A leading scholar in education, Sergiovanni (1990) wrote about value-
added leadership, which is similar to transformational leadership. Value-
added leadership combines the traditional and the recent theories of
leadership to create a new model. "Value-added [leadership] provides the
bridge between helping teachers and students meet basic expectations and
achieving levels of performance and commitment that are extraordinary" (p.
5). The similarity of Sergiovanni (1990) and Burns (1978) is apparent in the
emphasis on the moral aspect of leadership and the elevation of followers
and leaders. "Value-added leadership works not only because it can move
the hand but because it is responsive to the mind and heart" (p. 53).

Intellectual Leadership
Without forgetting the importance of transformational leadership for the
heart, we will now turn our attention to the head -- intellectual leadership.
Burns (1978) delineated how intellectual leadership works in the arena of
politics. His statement of the ultimate standard, or test, for intellectual
leadership can be applied to other arenas -- such as education. That test is
the capacity to conceive values or purpose in such a way that ends and
means are linked analytically and creatively and that the implications of
certain values ... are clarified. The test is one of transforming power" (p.
163). Transformational leaders in the education arena will also be able to
meet this standard.
Burns (1978) drew a clear distinction between intellectuals and
intellectual leadership. The intellectual is "a person concerned critically with
values, purposes, ends that transcend immediate practical needs" (p. 141).
Intellectual leaders deal with both analytical and normative ideas and they
bring both to bear on their environment" (p. 142). He notes that the
intellectual may choose to be uninvolved with society, but the intellectual
leader cannot be" (p. 141). He concludes by stating strongly, but simply,
intellectual leadership is transforming leadership" (p. 142).
Prior to Burns, others had identified intellectual leaders as one category
of leaders. Levine (1949) classified leaders as being either charismatic,
organizational, intellectual, or informal. Oliverson (1976) also placed
leaders into four categories technical, charismatic, caring-interpersonal
and peer-oriented. He saw the technical leader as someone who used a

cognitive approach. Bass (1990) summarized studies done before 1948
and between 1948 and 1970 which looked for evidence of intelligence as a
trait which was related to leadership ability. He found "25 reports of a
positive relationship between leadership, intelligence and ability" (p. 83)
were published in the latter period. "The average correlation of .28 in the
1948 survey was corroborated in the 1970 survey" (p. 83).
High intelligence, as measured by standard IQ tests, is often correlated
with leadership (Bass, 1990). At the same time many researchers have
noted that if there is too great a gap between the intelligence of the leader
and the followers, the leader's effectiveness will diminish. "Leadership
potential, in general, goes with being 'smart, but not too smart' (Riley and
Flowerman, 1951) (Bass, 1985a, p. 104).
Intellectual Stimulation
The importance of the intellectual aspect of transformational leadership is
also highlighted in Bass' (1985a) work. He named intellectual stimulation as
one of the three factors of transformational leadership based upon his
experimental studies. His extended definition of intellectual stimulation is
illuminating for this study.
By the transformational leader's intellectual stimulation we mean the
arousal and change in followers of problem awareness and problem
solving, of thought and imagination, and of beliefs and values rather
than arousal and change in immediate action. The intellectual
stimulation of the transformational leader is seen in the discrete jump
in the followers' conceptualization, comprehension, and discernment
of the problems they face and their solutions.. .. Intellectual in the
sense of scholarly is not necessarily implied, (p. 99)

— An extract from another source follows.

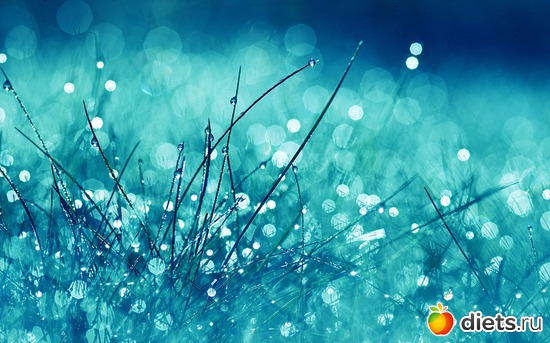 17 ����: ����� ���� - ������� � ������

With Burns, Bass provides the essential conceptual framework for my
dissertation. In this definition we see much of the basis for the grounded
theory which guided the research. The transformational leader focuses
followers on problems and problem solving, promotes thinking and
imagining, and arouses a new awareness in them.
Bass (1985a) encapsulates the importance of intellectual stimulation to
transformational leadership with several quotes from his research. His
ideas have forced me to rethink some of my own ideas which I had never
questioned before" (p. 100). "He enables me to think about old problems in
new ways" (p. 100). He goes on to discuss the importance of symbols and
images for transformational leadership. "The intellectual contribution of the
transformational leader is seen in the leaders creation, interpretation, and
elaboration of symbols" (p. 108). Bass (1990) pointed to the need for further
research on how leaders use intellectual stimulation to "simplify problems
and to get to the crux of complex matters while the rest of the crowd is still
trying to identify the problem" (p. 902). He termed this "rapid reification" (p.
Finally, Bass (1985a) wrote that he agreed with others that "the
intellectual contribution of a leader is particularly important when groups and
organizations face ill-structured rather than well-structured problems"
(Mitroff, 1978, p. 102). Burns (1978) also pointed this out, and both could
have been describing the day-to-day reality of most large, urban public
school districts in doing so.

When it comes to the application of transformational leadership theory to
educational settings, Leithwood, as noted above, is the acknowledged
authority. Leithwood (1994) also believes that, Transformational
approaches to school leadership are especially appropriate to the
challenges facing schools now and through the remainder of the decade" (p.
Leithwood (1992) found that transformational school leaders are in more
or less continuous pursuit of three fundamental goals (p. 9). Two of these
are closely related to intellectual stimulation, fostering teacher
development; and .helping them solve problems together more effectively*
(p. 10).
Leithwood (1994) has since done a number of quantitative and
qualitative studies, and drawn on the work of others, which he summarizes
in his recent paper. His findings on how intellectual stimulation is
manifested by transformational school leaders were very specific. Such
- directly challenge staffs' basic assumptions about their work as well
as unsubstantiated or questionable beliefs or practices
- encourages/persuades staff to try new practices without using
- encourages staff to evaluate their practices and refine them as
- stimulates the search for and discussion of new ideas and information
relevant to school directions

- attends conferences and seeks out many sources of new ideas and
passes them along to staff
- seeks out new ideas by visiting other schools
- publicly recognizes exemplary performance
- invites teachers to share their expertise with their colleagues (p. 33).
Leithwood thus gives us some concrete indicators of the intellectual
dimension of transformational leaders in schools. I will use these as I
examine the data from three case studies. First, however, I will close this
chapter with a discussion of intellectual capital -- the focus of my research.
Intellectual Capital
Becker (1964) points out that one can invest in oneself through
education, for example, and hope to reap a profit based on that investment.
Burns (1978) refers to intellectual leaders of the Seventeenth Century as
"exploiting] the intellectual capital of many centuries of hard thought" (p.
151). However, specific references to intellectual capital are not prevalent in
the literature on transformational leadership.
Descriptions of how transformational principals get things done are more
common. These often include how these principals use ideas, often in ways
congruent with Leithwood's (1994) list above. Sagor (1992) tells the story of
three principals who constantly push for improvement. One principal did this
by "using some data ... to raise perplexing questions. The meetings would
then take on a tone of excited inquiry ... Then, without hesitation, [the
principal] would grant whatever support was requested" (p. 14).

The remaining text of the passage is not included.